▶ **Assignment**
In the data below, set down exactly the lines from the one containing "Oberoi Eternia Towers" up to and including the one containing "Indiana Hoosiers Fernando". Leave the pictures out.
--- Extracted entries ---
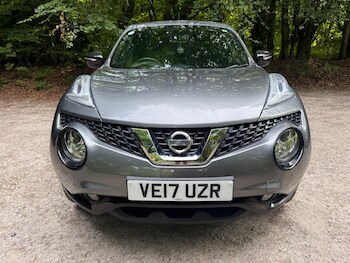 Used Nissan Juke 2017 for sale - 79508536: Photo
---
--- Extracted entries ---
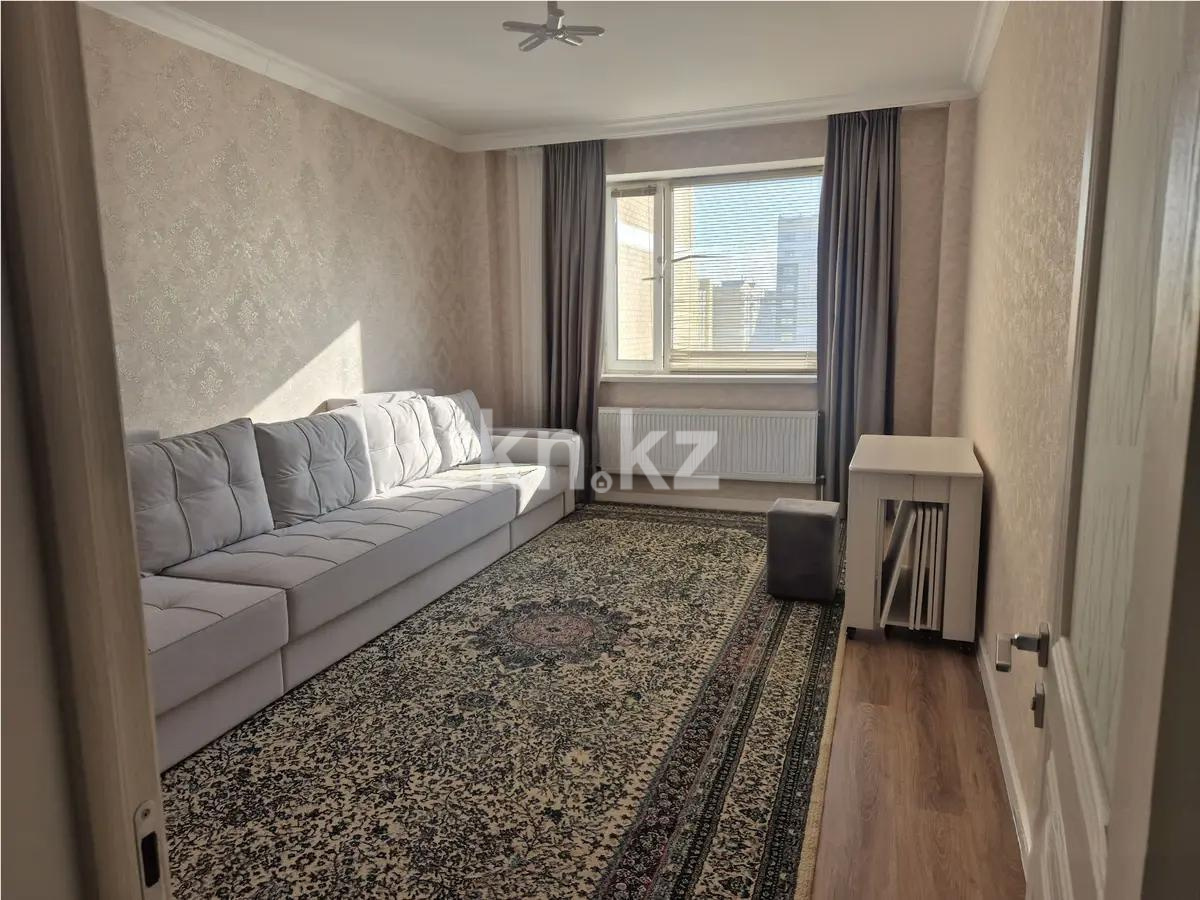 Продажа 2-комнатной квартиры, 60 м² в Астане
---
--- Extracted entries ---
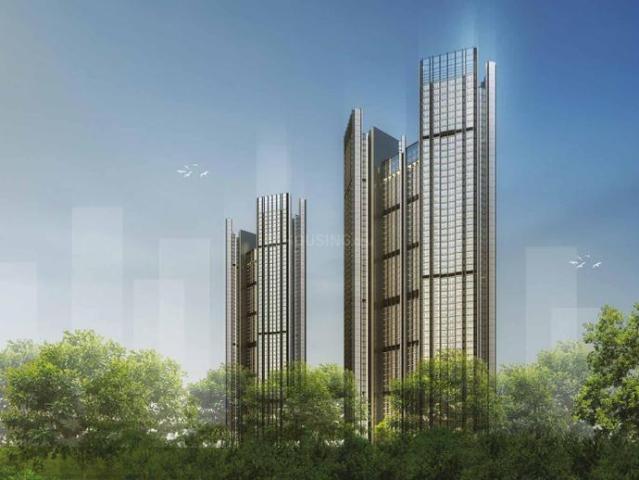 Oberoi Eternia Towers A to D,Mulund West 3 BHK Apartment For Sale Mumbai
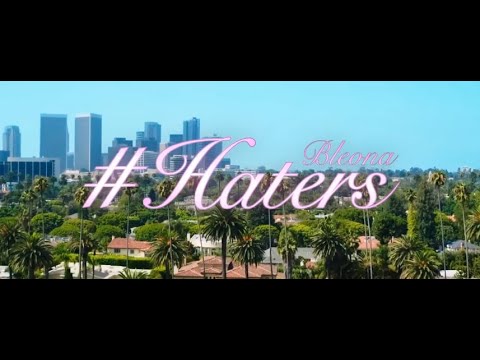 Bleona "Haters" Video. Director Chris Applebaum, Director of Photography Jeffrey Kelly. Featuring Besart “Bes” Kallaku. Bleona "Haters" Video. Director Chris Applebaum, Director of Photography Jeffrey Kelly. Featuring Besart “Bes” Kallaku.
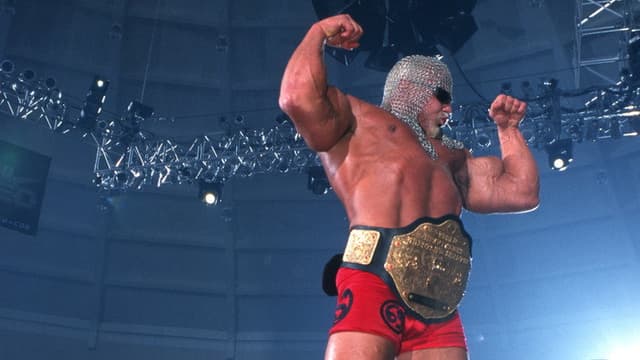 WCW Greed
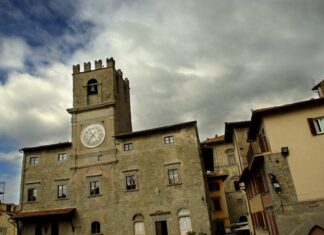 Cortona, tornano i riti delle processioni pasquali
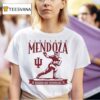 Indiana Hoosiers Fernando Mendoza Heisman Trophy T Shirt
---
▶ **Answer to the exercise**
 Oberoi Eternia Towers A to D,Mulund West 3 BHK Apartment For Sale Mumbai
 Bleona "Haters" Video. Director Chris Applebaum, Director of Photography Jeffrey Kelly. Featuring Besart “Bes” Kallaku. Bleona "Haters" Video. Director Chris Applebaum, Director of Photography Jeffrey Kelly. Featuring Besart “Bes” Kallaku.
 WCW Greed
 Cortona, tornano i riti delle processioni pasquali
 Indiana Hoosiers Fernando Mendoza Heisman Trophy T Shirt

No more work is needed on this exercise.